Humanities must lead on European stage or risk being left behind

Oxford scholar says discipline can play vital role in meeting biggest challenges

December 12, 2013

A “stimulus paper” from the Leadership Foundation for Higher Education has called on UK humanities scholars to grasp the guidance nettle if they are to play a full role in the research agendas being developed across Europe.

Launched at the British Academy last week, Humanities Research Leadership in Europe was produced by Shearer West, head of the humanities division at the University of Oxford.

Professor West’s analysis focuses on the 21 universities that make up the League of European Research Universities, an invitation-only umbrella group.

She notes that although “humanities academics have a more or less equal presence in…middle management with their counterparts in the other disciplines”, they are underrepresented at the top.

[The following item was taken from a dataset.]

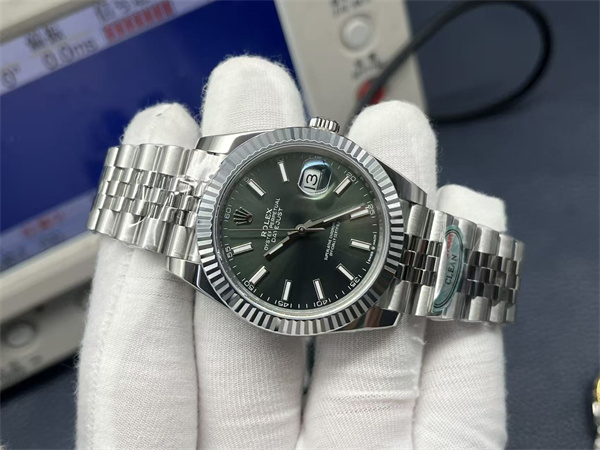 R*l*x men’s watch 38920 top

Much of this, she argues, is down to “self-selection” and a research culture that engenders “a natural mistrust of leadership”, which is often seen to be “at odds with the fundamentally individualist, laissez-faire and analytical approaches of the disciplines themselves”.

Many medics and laboratory scientists, on the other hand, gain early experience of management and learn to “temper their individual research desires with the realities of acquiring funding for equipment and research assistants”.

Professor West also subjects to critical analysis the claim that a “science model” of collaborative research and “impact”, often based on open access and “big kit” infrastructure, implicitly sidelines the humanities.

Even in the area of major “global challenges” such as climate change and food security, she suggests, we need far more “leaders within humanities who can work collaboratively with scientific teams and overcome barriers of technical language and culture in order to play a decisive, rather than ancillary, role” in addressing the problems.

Despite the “danger of being left behind”, Professor West sees “encouraging signs [of] a more joined-up approach” to the potential for the humanities to contribute to Europe’s global challenges and innovation agendas.

“We have taken a number of strides to adapt to the changes in the research landscape while retaining the integrity and quality of our disciplines,” she writes.

Nonetheless, Professor West concludes, “there is room for us to do even more”.